El futuro de Europa y del mundo necesita una mirada desde la izquierda verde que aúne acciones urgentes sobre cambio climático y una agenda de justicia social.

En otras palabras, no todo el mundo está en el mismo barco. Muchos debates sobre el cambio climático anuncian una visión pospolítica en la que la humanidad aparece como un solo ente, como si todo el mundo tuviera el mismo pasado y el mismo futuro. Esta visión oculta que no todo el mundo es igualmente responsable del cambio climático ni todo el mundo se ve afectado de la misma manera. Como subraya Andreas Malm, “mientras haya clases sociales, habrá botes salvavidas para los ricos y privilegiados y no existirá la sensación compartida de catástrofe.” Más importante aún, esa visión unificadora  lleva a la desmovilización porque si todo el mundo es responsable, no se puede responsabilizar a nadie, como Greta Thunberg les dijo la pasada primavera a las élites dirigentes en el Foro Económico Mundial de Davos. Estamos empantanados en esta situación porque las acciones que tendrían más opciones de mitigar la catástrofe, y que beneficiarían a la mayoría, amenazan a una minoría elitista.
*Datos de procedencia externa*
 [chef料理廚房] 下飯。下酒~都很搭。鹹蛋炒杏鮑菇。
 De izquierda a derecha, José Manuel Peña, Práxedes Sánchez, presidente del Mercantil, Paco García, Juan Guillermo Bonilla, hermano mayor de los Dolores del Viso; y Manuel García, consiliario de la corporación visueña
En abril de 2019, la revista Science publicó una columna defendiendo un punto de vista parecido. Considera que las medidas que se están tomando para proteger el clima y la bioesfera son profundamente inadecuadas y hacía un llamamiento a un aumento en la reducción de emisiones y una distribución justa de los costes y beneficios de la lucha contra el cambio climático. Mientras tanto, las respuestas políticas de la UE al cambio climático continúan apuntando a la transición a las energías renovables, la eficiencia energética, el transporte de bajas emisiones, etc. pero no aborda los fundamentos neoliberales de las economías europeas, el imperativo del crecimiento o el conflicto de clases alimentado por las crecientes desigualdades. El  objetivo de la UE debe ir más allá de presentar la adaptación al cambio climático como una nueva oportunidad de obtener beneficios y reconocer que dicha adaptación es un proceso de transformación de gran calado que debe estar guiado por los principios de la justicia social. El futuro de Europa y del mundo necesita una mirada desde la izquierda verde que aúne acciones  urgentes sobre cambio climático y una agenda de justicia social que reconozca que no todo el mundo está en el mismo barco. Para poder contar con el apoyo de la opinión pública en la implementación de los ajustes tecnológicos necesarios, las políticas de la UE deben ir de la mano de una agenda redistributiva ambiciosa y una transición hacia sociedades del poscrecimiento. Para la izquierda verde, el futuro de la UE debe basarse en una sociedad entre iguales que supere las energías fósiles y el capitalismo.